Business City, NY 54321

Dear Mr. Lee:

After contributing to the growth and success three different organizations in the past 10 years, I am seeking new challenges with a company in need of someone with exceptional planning, leadership, and management abilities.

As evidenced in the enclosed resume my experience encompasses project management, strategic planning, resource utilization, revenue growth, and cost reduction. My ability to analyze needs and create unique solutions designed to yield a profitable outcome has proven to be one of my greatest assets.

Credited with significantly impacting bottom-line profitability wherever I have worked, I excel at streamlining less-than-efficient procedures to boost productivity and sales. Proactive management of crucial external relationships allowed me to increase revenue by 17% in one year. I also negotiated exclusive relationships in a key market segment, expanding the company's share of that segment by 66%.

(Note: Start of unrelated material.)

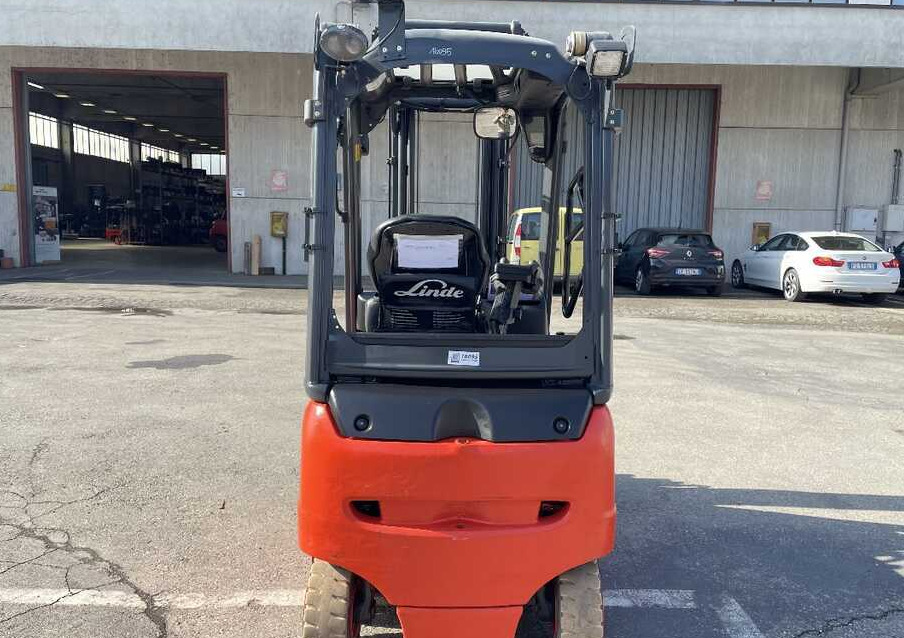Linde E 20 PH/386 (batt. 2017) - Empilhador elétrico: foto 3 Linde E 20 PH/386 (batt. 2017) - Empilhador elétrico: foto 3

I know that my proven leadership skills, strong commitment to high ethical and professional standards, and flexibility in devising proactive responses to changing socioeconomic conditions would allow me to make a significant contribution to the [Company Name] team. I would welcome the chance to discuss my qualifications with you in greater detail. I know that you are busy, and have many applications to review. If you wish to schedule a meeting, please let me know. In the meantime, please know that I appreciate your time and consideration.

Sincerely,

Lucia Applicant

Sending an Email Cover Letter

If you send your cover letter via email, your goal will be the same – to show that your qualifications, achievements, and experience make you the best candidate for the management role. But, your delivery will be a little different, because real estate is at a premium in email communication. You need to get the hiring manager’s attention right off the bat and not let it go. Here’s how:

  • Use the subject line wisely. Your best bet is to list your name and job title in the subject line of the email message. This lessens the chances of your message getting caught in a spam filter and saves the hiring manager time – he or she will know what your message is about right away.
  • Keep it short and sweet. Three short paragraphs are plenty. More than that and you run the risk of losing their attention.
  • Skip the heading with your address and theirs, and instead include your contact information in your ​email signature. There’s no need to list the employer’s contact information.